Wednesday, August 15, 2012
Silly Sustainability Products
I generally don't make a lot of fun of products for being unsustainable in nature. For one thing, if I really dedicated myself to making fun of products, I'd be doing nothing but. For another, most products have an ideal customer; what I think is silly you may think is a justifiable luxury or a downright necessity to getting things done. However, I have recently found a couple of products I think are just really silly:
The Williams-Sonoma Garden Implements: Oh, this is like shooting fish in a barrel to make fun of these garden implements from America's favorite gourmet cooking store. While I applaud their extension of cooking into gardening (which should be a natural for foodies, anyway), I laugh at the prices. This long-handled garden fork will set you back $299.95 at the top of the price range, boasting its copper-alloy head. Instead, I think I bought the warren hoe you see at right for about $30 from Home Depot, and high-quality garden forks that weren't so decorative were available at comparable prices. I shudder to think of blowing my entire garden savings for the year on something beautiful I would soon be sticking into the compost to flip it. To be fair, some of the hand tools in the line are of a more reasonable price.
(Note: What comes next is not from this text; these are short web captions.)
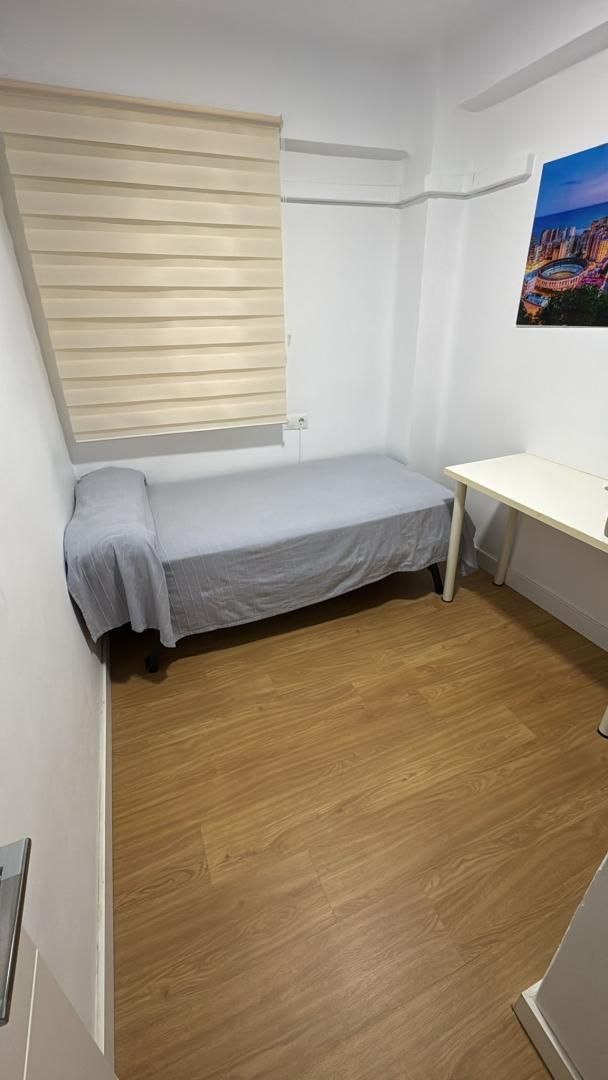 Pis per a compartir a Calle Realenga de San Luis, 13, Los Guindos - Parque Mediterráneo - Santa Paula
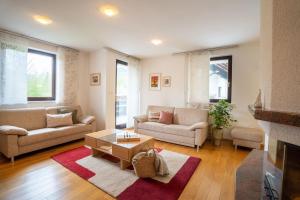 JM Alpine Apartments 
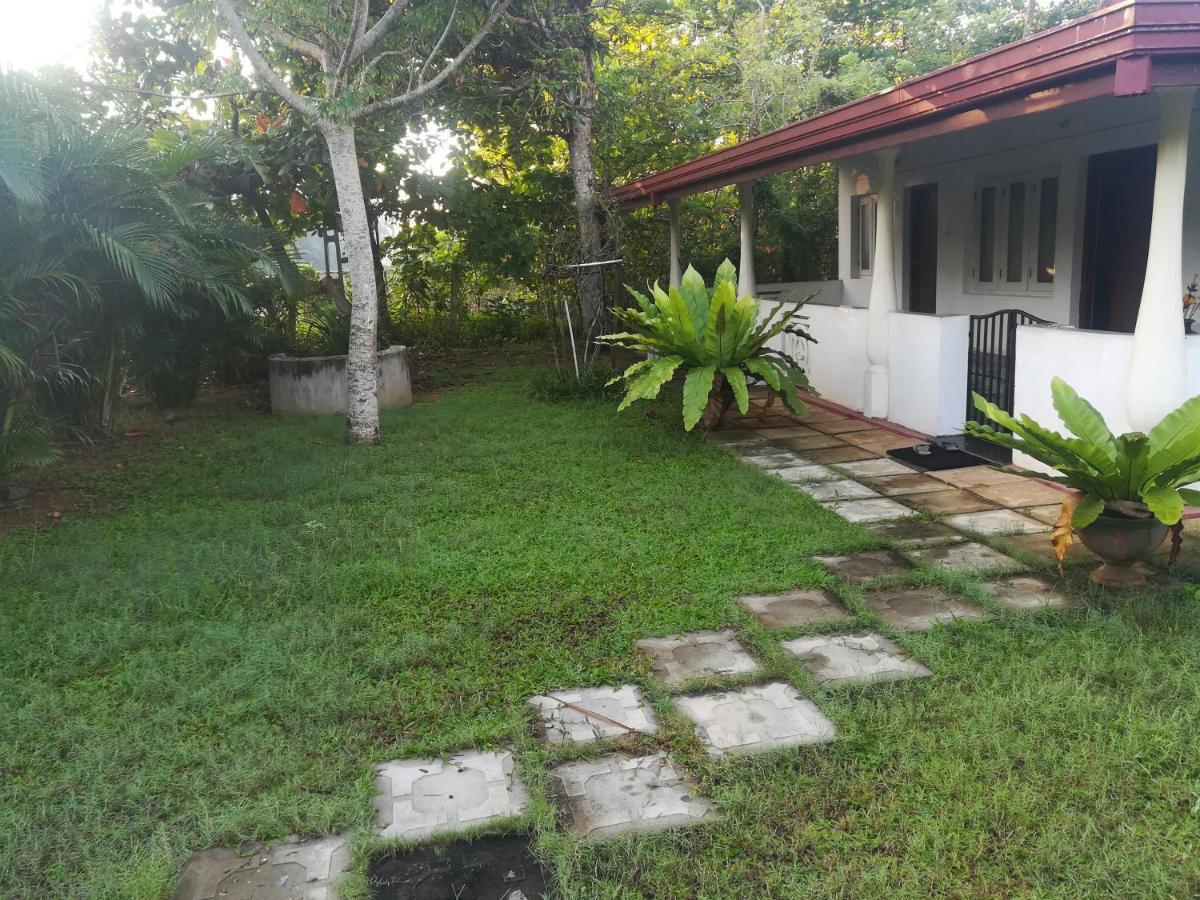 Anura Home Stay 칼루타라 외부 사진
Ball FreshTECH Jam and Jelly Maker: Again, my heart hurts a little to make fun, because I buy a great deal from Ball each year in the way of jar lids, canning implements, and extra jars. However, this labor-saving device takes the cake. All you have to do is add fruit, pectin, and sugar, and soon you are rewarded with fresh jam to eat, freeze, or can. Except, all you ever do to make jam is add fruit, sugar, and pectin and cook it for a while. Making the jam is not the hard part. Actually, nothing about making fruit jam is difficult; the canning is the only process that takes any thought. Buying a machine to do the stirring for me seems a little silly.
Water Genie Bottomless Watering Can: So, let me get this straight. In order to avoid unsightly piles of hose (why are people so ashamed of garden hoses, anyway?) and to avoid trips to fill up my watering can, you've figured out a way to make a watering-can-shaped hose nozzle? For just $39.99 of my hard-earned dollars, I can have control over my water flow and avoid looking at my hose. Or, I can keep coiling it up on our hose rack and use my $7 multi-function hose nozzle that is working just fine.
What is the least-sustainable sustainability product you've found?